Stef Wong: Hi, everyone, it’s Stef, Buildup’s Executive Portfolio Liaison. This week on the Nonprofit Build Up is part two of a two-part discussion between Buildup’s founder and CEO, Nic Campbell; and founder and President of CSR communications, Nancy Murphy. You can jump back to part one of this conversation to learn more about leading within organizational change. But with that, let’s dive into the second part of Nic and Nancy’s discussion, where Nancy continues sharing insights on leading, supporting, strategizing and reenergizing big change initiatives, especially given the current climate.
Nancy Murphy: We talked a lot about the change journey, how leadership can respond to that initial change curiosity, the roles of different stakeholders within the organizations. When you think about the nonprofit sector and all that you know about change and strategy, what do you think that we should be doing more of as a sector? And what do you think we should be doing less of?
Nic Campbell: I definitely think we should be doing more dreaming. I think as a sector, we’ve forgotten how to dream, right? Either because we’re all so overwhelmed with the crises of the hour, and trying to serve more and more people and meet bigger and bigger needs with ever tightening budgets. Now facing staff shortages, just like every other organization, but feeling like, “Well, we can’t pay the compensation.” And we think that a truss.
Nic Campbell: We get super locked into this what’s immediately in front of me that is urgent, and thinking of incremental progress and tweaking around the edges. But I think we miss the moment to imagine a world where the problem that we’re solving, the issue we’re addressing, no longer exists. And so, I wish we would do more dreaming.
Nic Campbell: What do I wish we would do less of? Probably staying in our bubbles. Right? I, a couple of months ago, spent a few days in New York at the Wall Street Journal’s Future of Everything Festival. And that was definitely out of my bubble and out of my comfort zone. And I will tell you, it blew my mind in so many good ways. And it really got me thinking about what is possible in the world that I thought before the middle of May was impossible and what will be possible in the very near future.
Nic Campbell: And I think when we spend all of our time having conversations with folks who are in our industry, or in our sector, or who already agree with the way we framed the problem, or their challenge, or who are so absorbed in whatever our cause or issue is that we can speak in shorthand and acronyms and all of that. And I really wish we would do less of that, because we all need our minds blown a little bit more frequently.
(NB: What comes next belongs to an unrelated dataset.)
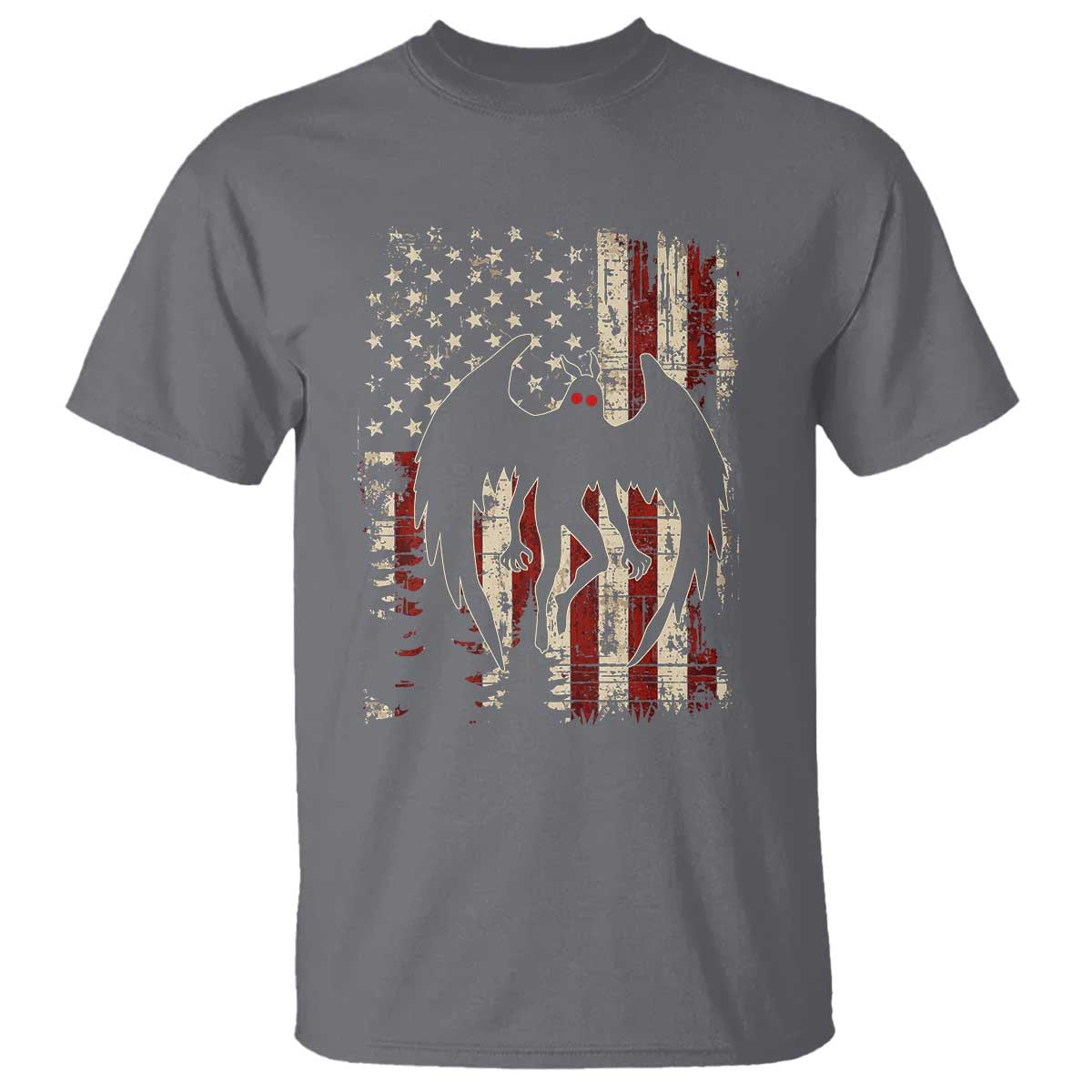 Mothman American Flag Patriotic Cryptid Creature T Shirt
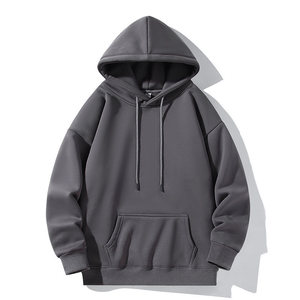 2025 vente en gros nouveauté Offre Spéciale personnalisé 400g coton couleur unie coton doublé grande taille à capuche surdimensionné noir sweats à capuche pour hommes - Product Image 5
Nancy Murphy: I like that a lot. Because we talk a lot about an ecosystem approach for nonprofits. And when we think about how organizations operate, it’s less of a singular vehicle. And it’s more of how do different types of organizations and leaders work together towards a common goal. This idea of stepping out of bubbles, stepping out of your silos, I think really just plays really nicely into that, which makes a lot of sense.
Nancy Murphy: I want to talk a little bit more about dreaming. I think that word is intriguing. Talk to me about how you would position folks who are working with historically marginalized and vulnerable communities who are really in a place where all of us actually are facing systems that are just inherently inequitable. We feel like there is a very uphill sort of journey that has to happen. And at every turn, there’s something else that’s coming up that’s really proving how inequitable the system is.
Nancy Murphy: To go to organizations that are working with communities that are really just trying to, at this point, keep their heads above water, just within the system itself, how do you frame that to say let’s do more dreaming at this point in a way that then resonates with that organization and resonates in the work that they’re doing with those communities?
Nic Campbell: Well, I think first of all, let’s not pretend that that work is easy. And that it’s the environment and the context that most leaders operate in and most communities live in is not very dream friendly. I don’t want to pretend that this is easy, and that this work isn’t frustrating, and demotivating, and all of that. Because, of course, it is.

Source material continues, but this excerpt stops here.